震災とラジオ 貴重な情報源の役割を今後も(2024年2月20日『読売新聞』-「社説」)

 


 ラジオは災害時の情報源として信頼感があり、能登半島地震でも力を発揮した。経営環境は厳しいが、非常時に強いメディアとして、機能を維持していく必要がある。


 能登半島地震の被災地では停電が長く続き、テレビやインターネットが使いにくい状況に陥った。情報収集の手段として重宝されたのは、新聞やラジオだった。

 携帯ラジオは、電池が切れるまでは長時間使えるのが特徴だ。手回し充電ができるラジオも防災グッズとして人気が高い。

 地震発生直後は、断続的に続く余震を警戒して車中泊を選んだ被災者が少なくなかった。カーラジオから流れてくる情報に耳を傾けた人も多かったのではないか。

 東日本大震災熊本地震北海道胆振東部地震を対象とした日本民間放送連盟研究所の調査で、避難時に利用した放送や通信などについて尋ねたところ、ラジオが役に立ったとの回答が目立った。

 特に東日本大震災北海道胆振東部地震では、テレビやSNSなどと比べても、ラジオを評価する声が最も多かった。

 東日本大震災後は、地元のコミュニティーFMなどが運営する「臨時災害放送局」が次々と開局した。地域に密着し、暮らしに根ざした情報を提供できるのも、地元ラジオの利点だろう。

 だが、ラジオ局の多くは若者のラジオ離れなどもあり、経営環境が厳しい。2020年には名古屋と新潟の2局が閉局した。

 NHKはAM放送を維持する方針だが、多くの局は施設維持に費用がかかるAM放送から、コストを抑制できるFM放送への転換を目指している状況だ。

 各地のラジオ局は2月から、総務省の特例措置で、一部のAM放送を休止し、代わりにFMの補完放送などを聴いてもらい、影響を検証する取り組みを始めた。

 AM放送は、広範囲に届く特性があり、地元の放送施設が被災しても、遠方からの電波を受信することができる。
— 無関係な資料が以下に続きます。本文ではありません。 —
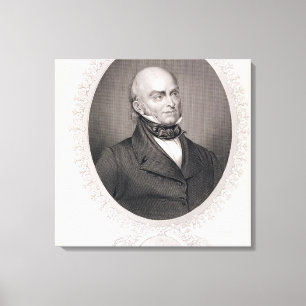 Toile John Quincy Adams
聴ける範囲が限られるFMへの転換が進むことによって、ラジオの空白地帯ができることがないようにしてほしい。

 ラジオは、想像力をかき立てるメディアだ。深夜放送で笑ったり、音楽を楽しんだりしている人は少なくないはずだ。

 被災者が避難中、ラジオから、なじみのある出演者のトークが聞こえてきて、癒やされることもあるだろう。普段ラジオを聴かない人にも、その魅力を伝える努力を忘れないようにしたい。